Here are posts I’ve written that have the data. But I want to tell you: the data about what women want today is not what’s holding us back. It’s been there, consistently for decades. What’s holding us back is cognitive dissonance. We’re scared to tell girls they will probably grow up and take care of children and that’s a great choice for smart, educated people to make.

What if girls aren’t oppressed

The crazy lengths companies will go to hire and retain high level women

Gender fluidity and autism open the gates of power for women

12 replies
  1. A
    A says:

    It feels scary and wrong to say this. I have part time jobs. I broke up with my eldest child’s Dad when she was two.
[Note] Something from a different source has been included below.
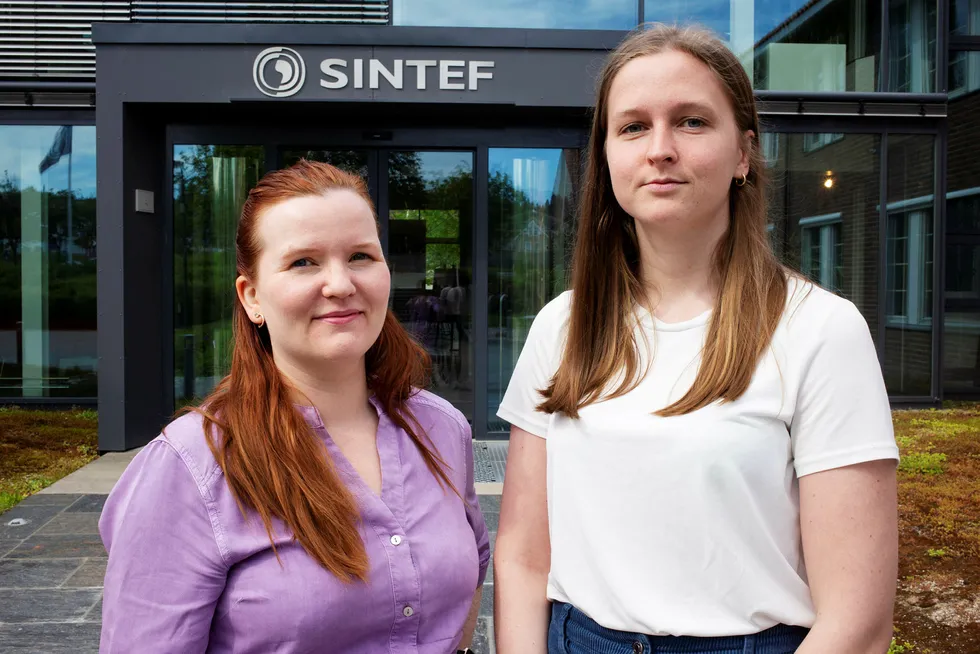 Sintef-forsker og førsteamanuensis Marie Elisabeth Gaup Moe (til venstre) ved NTNU begynte å forske på hacking av medisinsk utstyr da hun selv fikk pacemaker. Masterstudent Anniken Wium Lie skriver oppgaven sin om hvordan pacemakere kan hackes når den kobles på nett.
Others are good at making their home anywhere. I found it hard and I think I was low on B12/ depressed possibly. I didn’t know anyone in the UK.He went to work and soccer matches at the weekends. I had some savings in Ireland so was glad I had it to come back to. It bothers me that I’m worse than the average woman.I feel other moms are more capable and practical. I find it hard to know where to start. My daughter wants a career not jobs like I have.

  2. Margot
    Margot says:

    I am currently making the choice to be a stay at home mom to my 3.5 year old daughter. I have a BA from a liberal arts college and then had an unsexy but secure and fairly rewarding civil service job. Being a stay at home mom is deeply rewarding at times but also very difficult, isolating, boring, monotonous, etc. some days it takes all my willpower not to yell at my daughter. My husband comes home and I have nothing interesting to talk about and I feel too depleted to really do much at night after she goes to bed besides browse the internet and watch TV. I feel like it’s very easy for you to push being a stay at home parent on other women Penelope because you’ve always been working while you’ve been with your kids. To actually fully devote your life to your kid(s) and running the “household” makes for a rather small life at times for me (and for my mom friends, none of whom had big careers or even particularly good jobs before kids but still share the feeling of isolation and boredom).

    • Penelope
      Penelope says:

      From the department of grass is always greener: I always think about how if I were married to someone who made money, whenever my kids didn’t need me I would just read the Internet.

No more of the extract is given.